Magic penetration: the same, for mages
Everything above applies the same to magic resistance, in two flavors: flat magic penetration (like Sorcerer’s Shoes or Torch/Shadowflame-type items) and percent magic penetration (the classic Void Staff). Same logic: flat shines against low-MR targets (most carries), percent against those who stack MR.
The order is the same too (reduction → % pen → flat pen) and penetration doesn’t take MR below 0 either. A mage build usually combines some baseline flat penetration (boots) and, if the enemy builds MR, adds percent penetration only then — buying it against a no-MR team is inefficient.

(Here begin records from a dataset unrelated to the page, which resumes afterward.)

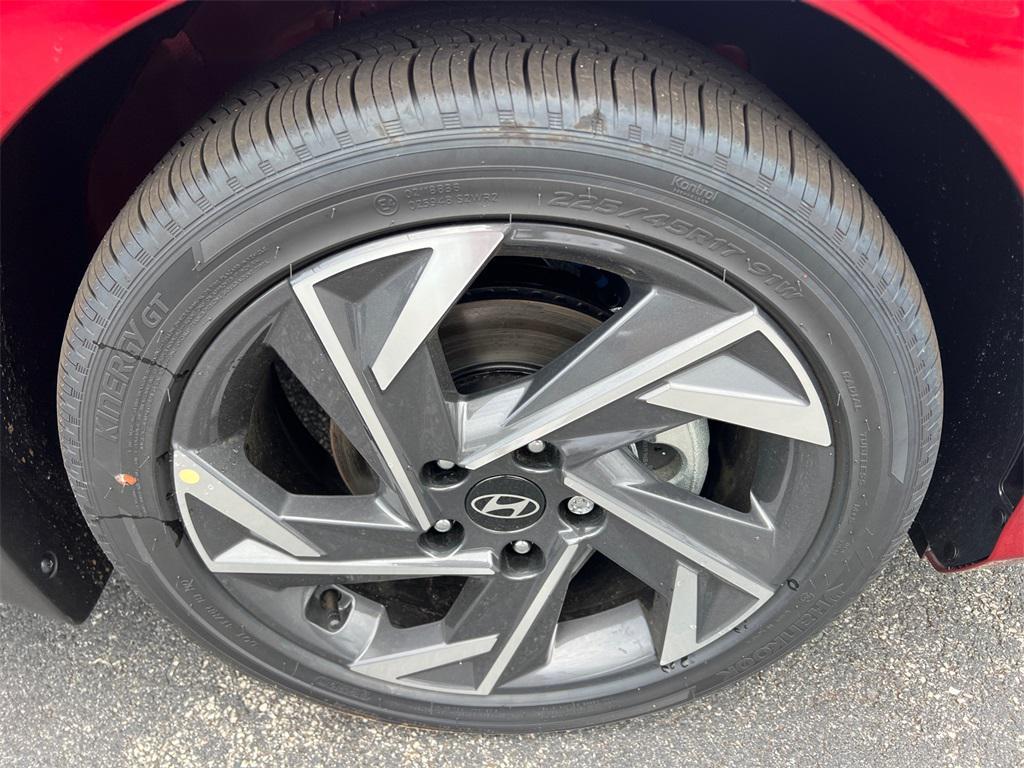 used 2025 Hyundai Elantra car, priced at $26,987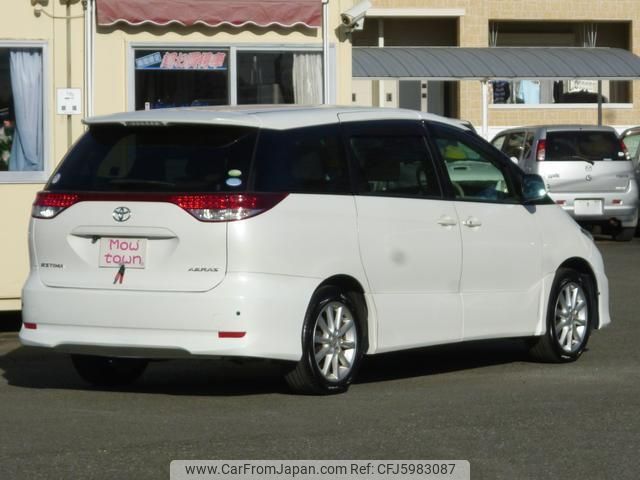 Toyota estima 2010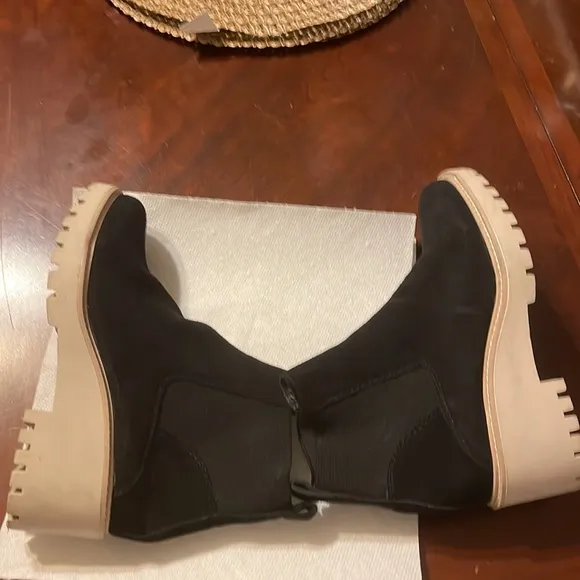 Women leather Dolce vita boots size 7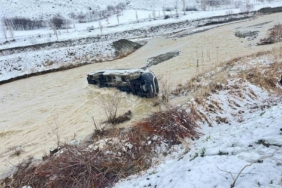 musta-minibus-dereye-uctu-8-kisi-yaralandi-tfalWHgH.jpg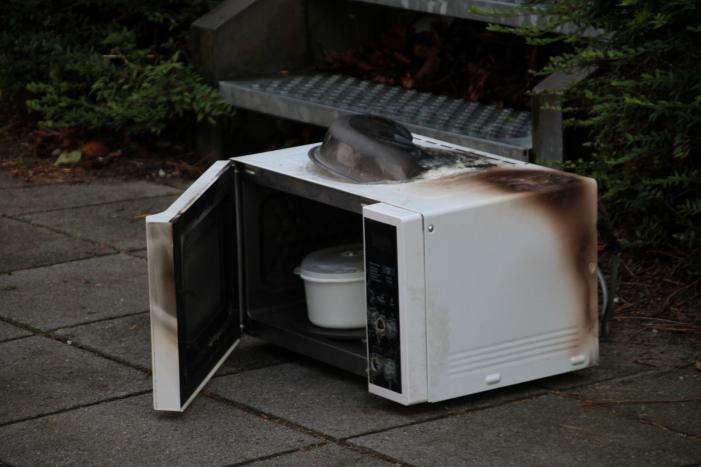 Woning geventileerd na brand in keuken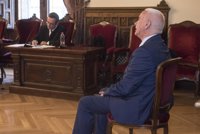 El exconsejero Luciano Alonso confía en su absolución y ve "sin fundamento" la "nueva" acusación del fiscal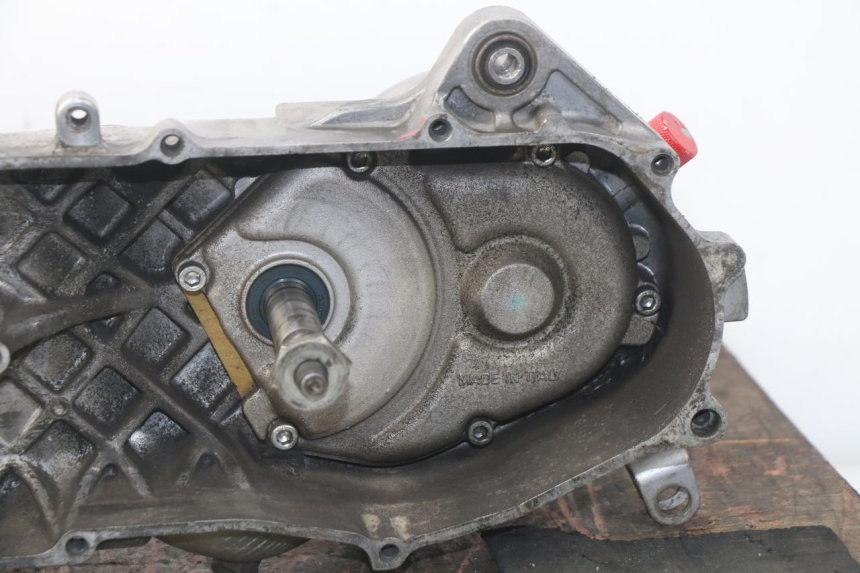 photo de MOTOR MBK BOOSTER SPIRIT NAKED 50 (2004 - 2017) - Hauptansicht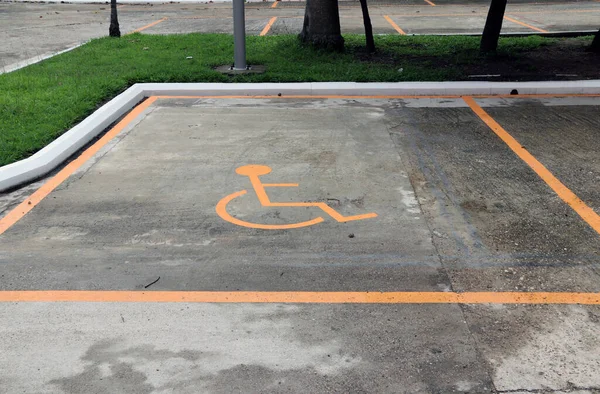 Esquema Naranja Humano Con Silla Ruedas Suelo Coche Estacionamiento Discapacitados —  Fotos de Stock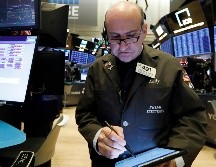 Este miércoles, el índice industrial Dow Jones ganó 0.11% a 27 mil 911.30 puntos. AP/R. Drew
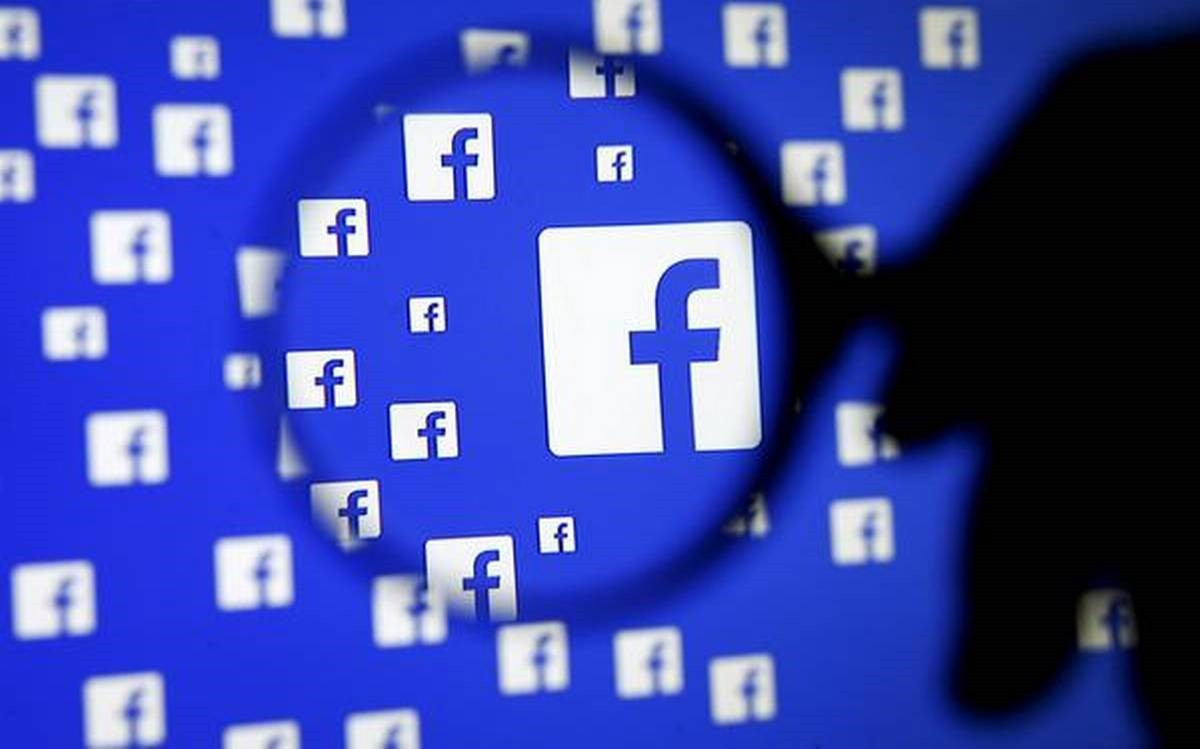 Facebook đã hợp tác với chính phủ Việt Nam để ngăn chặn nhiều tài khoản giả mạo. Ảnh: Reuters.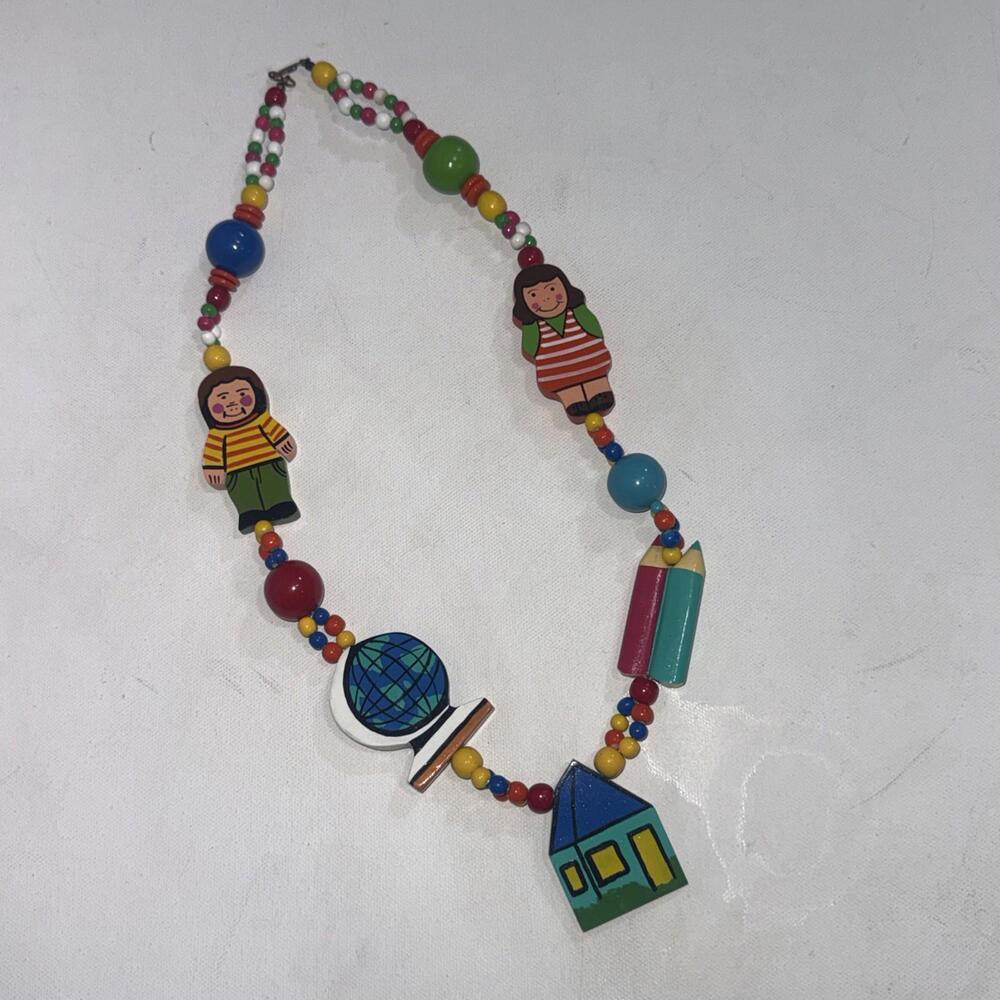 Vintage Inspire Wooden Hand Painted Children World School Globe Teacher Necklace - Picture 1 of 6
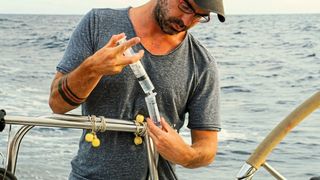 Dr. Mario Lebrato, Erstautor der Studie, nimmt Proben des Meerwassers auf einer Expedition von Menorca nach Sardinien.  (Bild: Mario Lebrato)
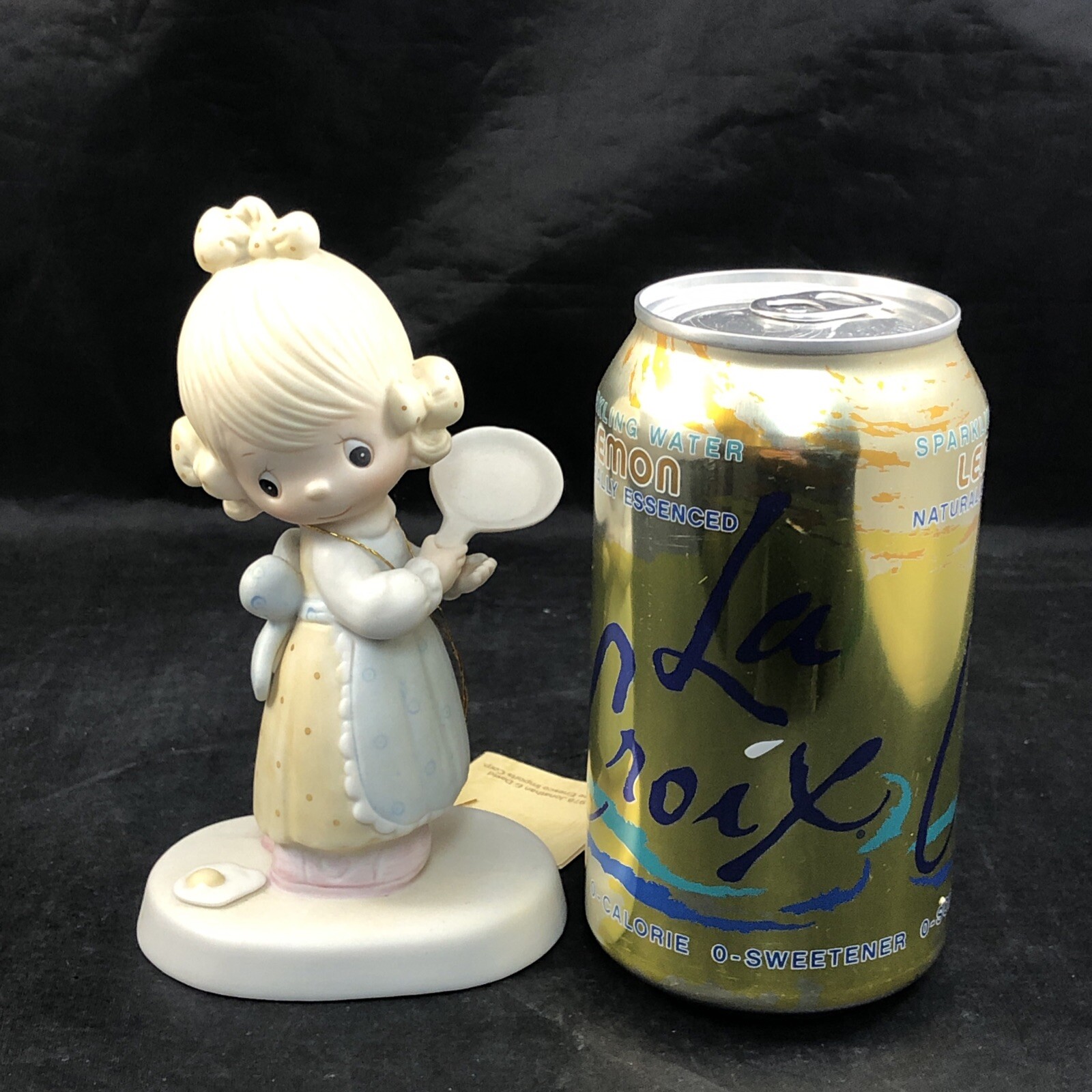 Precious Moments Figurine Eggs Over Easy Little Girl Jonathon David Enesco 1979
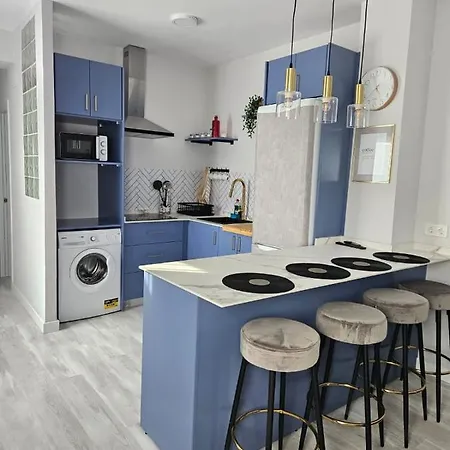 Deluxe En Triana Apartment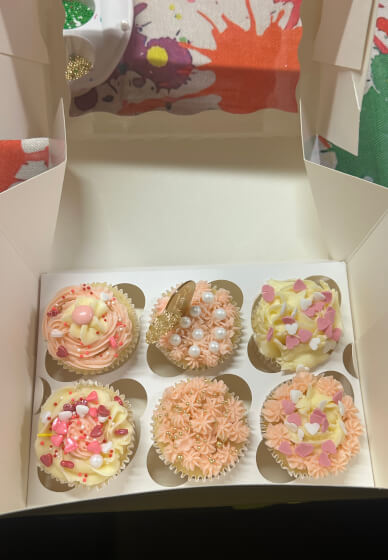 Mother's Day Cupcake Decorating Workshop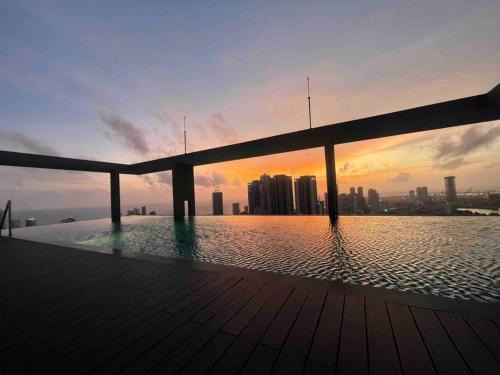 Luna Tower Luxury Apartment
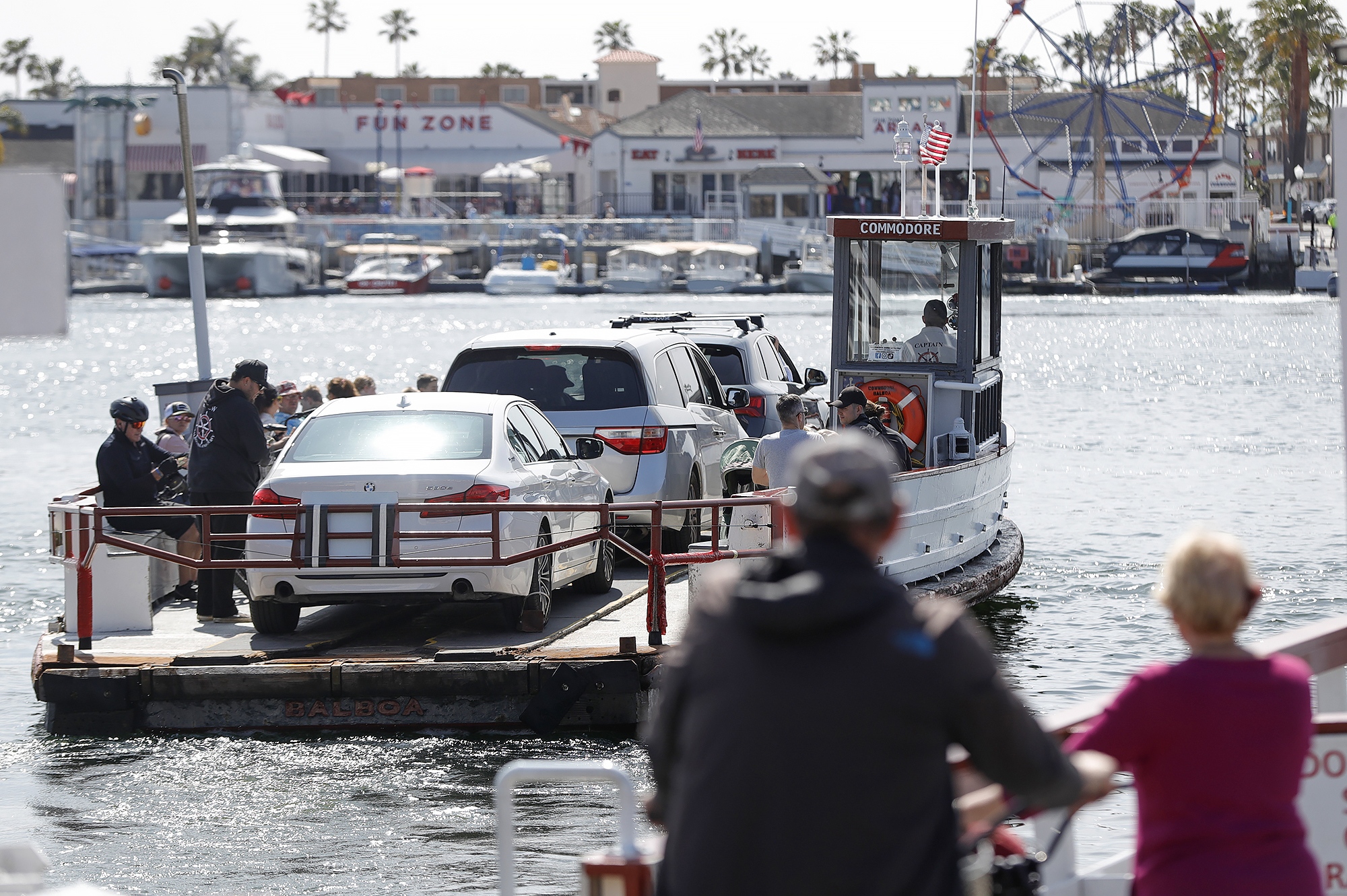Balboa Island Ferry supporters fight to keep it afloat in wake of state mandate - Vimarsana News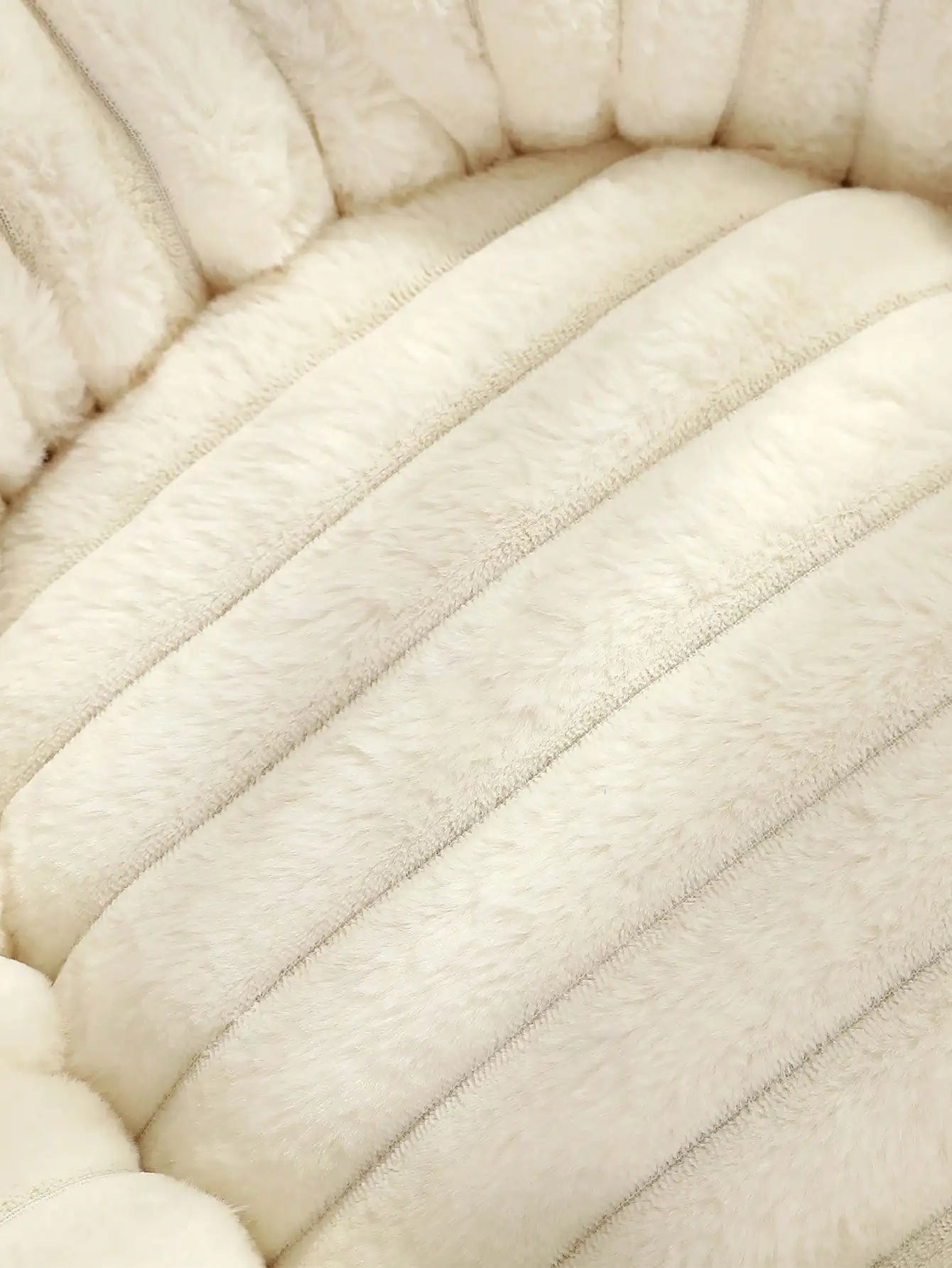 Indoor Luxurious Plush Pet Nest Bed For Cats And Dogs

In practice: check the enemy comp before pen-stacking. If it’s four squishy carries, go flat; if there are a couple of tanks or everyone buys an MR item, go percent. Test your real build against different targets in the Build Lab and Versus.
Lethality ignores a flat amount of armor (shines against squishies); percent penetration ignores a fraction (shines against tanks). Pick by who you have to kill. Tap any to see its page.
FAQ
Lethality or percent penetration against a tank?
Percent penetration. Cutting a percentage off a high armor value (300+) removes far more armor in absolute terms than flat lethality, which barely dents it. Save lethality for hunting low-armor carries.
Does lethality scale with level?
Not anymore. Since patch 14.1, 1 lethality equals 1 flat armor penetration at all levels; before, it gave less at low levels. That’s why lethality is strong from minute one today.
Can penetration make armor negative?
No. Penetration (flat or percent) bottoms out at 0: against a no-armor target it does nothing extra. What can make it negative is armor REDUCTION (Black Cleaver-type effects), which applies earlier and amplifies damage when it crosses zero.